Melansir Lembaga Kantor Berita Nasional (LKBN) Antara, Gubernur Jabar, Ridwan Kamil, mengemukakan, rencana pembangunan jalur double track Light Rail Transit (LRT) yang merupakan akses Stasiun Tegalluar-Kota Bandung belum ada kepastian.

"Jalur penghubung Stasiun Tegalluar-Kota Bandung, idealnya, harus segera ada putusannya. Soalnya, hingga kini, belum ada kejelasan tentang akses penghubung proyek Kereta Cepat Bandung-Jakarta," tandas Emil, sapaan akrabnya, belum lama ini.

Padahal, kata Wali Kota Bandung ini, pembangunan kereta cepat itu merupakan bagian Proyek Strategis Nasional (PSN) Jabar. Jika terealisasi, lanjutnya, terdapat empat stasiun pemberhentian. Yaitu, sebutnya, Stasiun Halim, Karawang, Walini, dan Tegalluar di Kabupaten Bandung.

Emil menegaskan, pihaknya ingin pengerjaan akses dan sarana penunjang KCIC segera bergulir. Target realisasinya, ucap dia, pada akhir tahun ini, mencapai 70 persen.

Dia menjelaskan, jalur kereta cepat Jakarta-Bandung sepanjang 142,3 kilometer itu bisa menjadi pendukung hadirnya tiga pusat pertumbuhan ekonomi baru di Jabar. Yaitu, ucapnya, Transit Oriented Development (TOD) alias pengembangan. 

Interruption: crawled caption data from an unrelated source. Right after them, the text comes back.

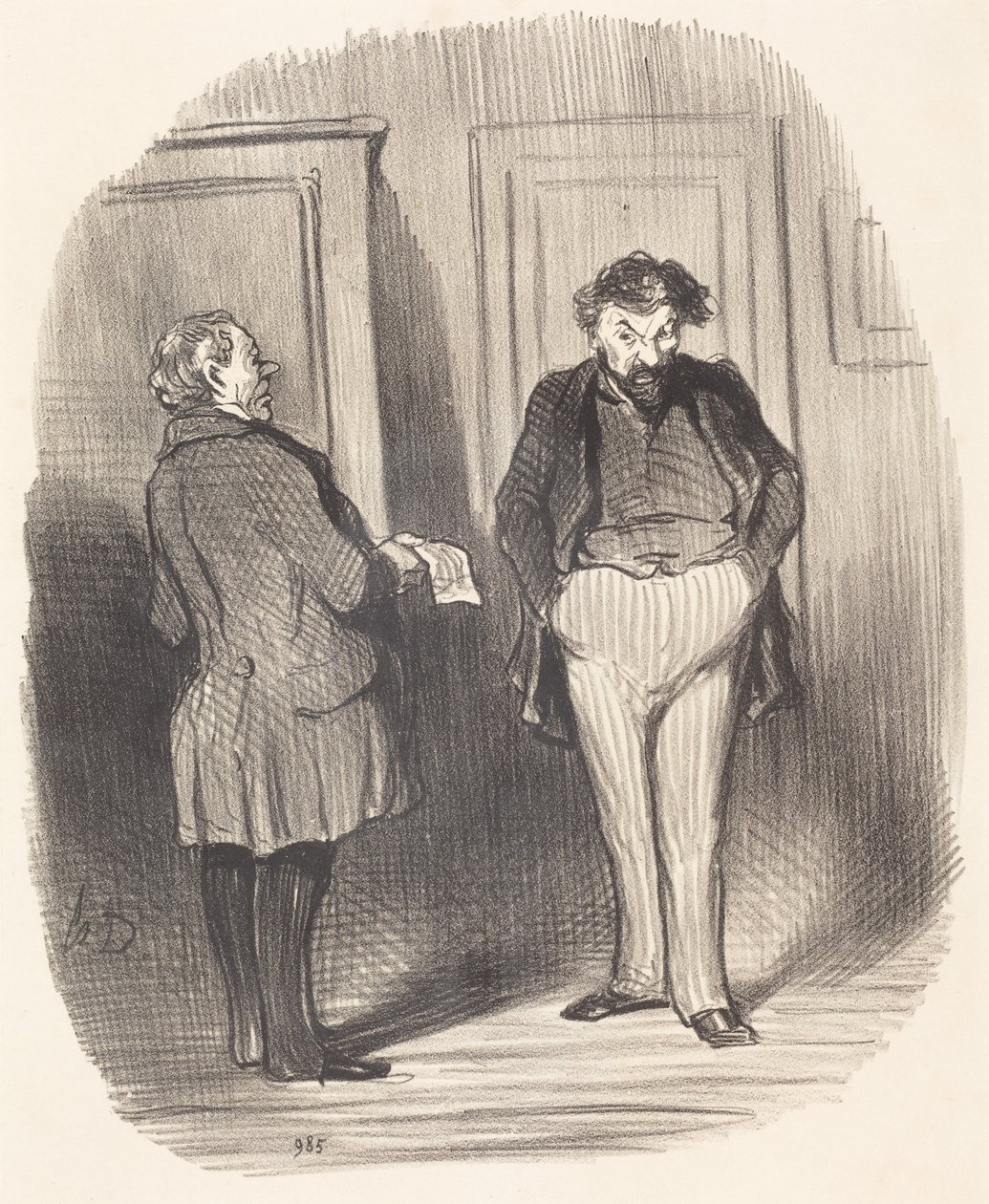 Could you tell me...? I have the flu!... by Honoré Daumier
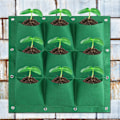 Pikkukuva 3 / 9: 9 Taskun Vertical Greening Seinäpuutarha Kasvatuspussi Istutuslaatikko (Vihreä)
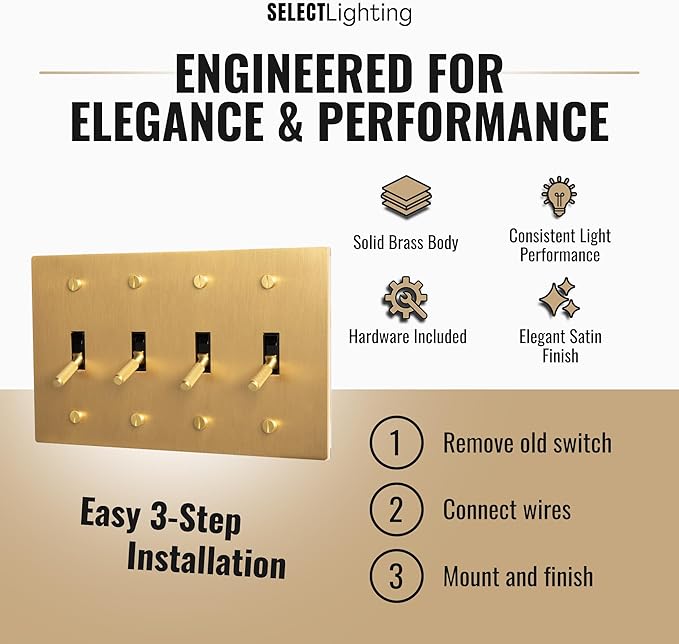 4-Gang Satin Solid Brass Plated Toggle Switch, 15A 120V AC Wall Mount, 3-Way Compatible Vintage Style Single Pole with Faceplate & Switch Module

"Ini mengintegrasikan desain ruang kota untuk menyatukan orang, kegiatan, bangunan, dan ruang publik berkonektivitas mudah di Karawang, Walini, dan Tegalluar," paparnya.

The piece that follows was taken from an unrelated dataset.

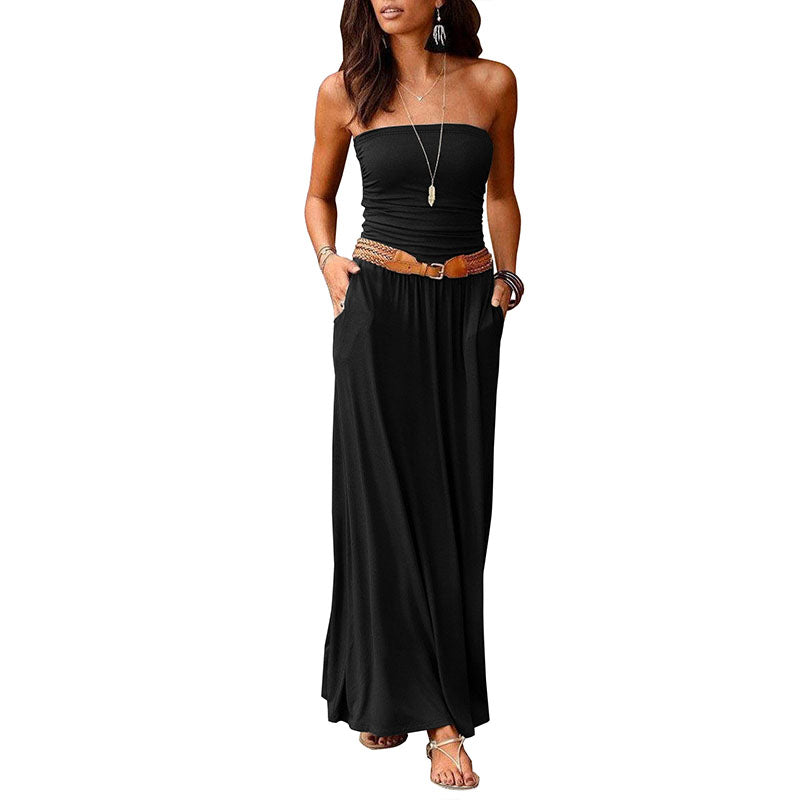 Emilie's Boutique ™  Pleated off-shoulder sleeveless dress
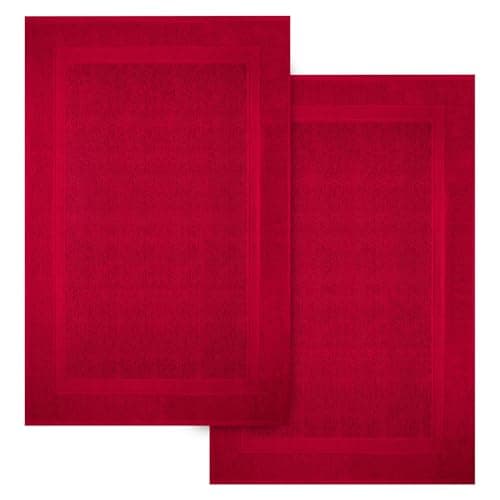 Infinitee Xclusives Premium Cotton Bath Mats for Bathroom – Pack of 2 | 34x22 Inches | Ultra Soft, Super Absorbent, Non-Slip, Machine Washable Mats (Burgundy) [Not a Rug] - Image 1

Kehadiran Kereta Cepat Bandung-Jakarta pun, lanjutnya, bisa mempersingkat waktu tempuh dua kota itu. Secara normal, jelasnya, sekitar 130 menit. Akan tetapi, apabila menggunakan kereta cepat ini, sambungnya, waktu tempuhnya menjadi sekitar 36 menit.

Meski begitu, Emil menegaskan, pihaknya mendukung putusan pemilihan moda transportasi terintegrasi yang dibangun pemerintah pusat selama memudahkan dan bermanfaat bagi masyarakat.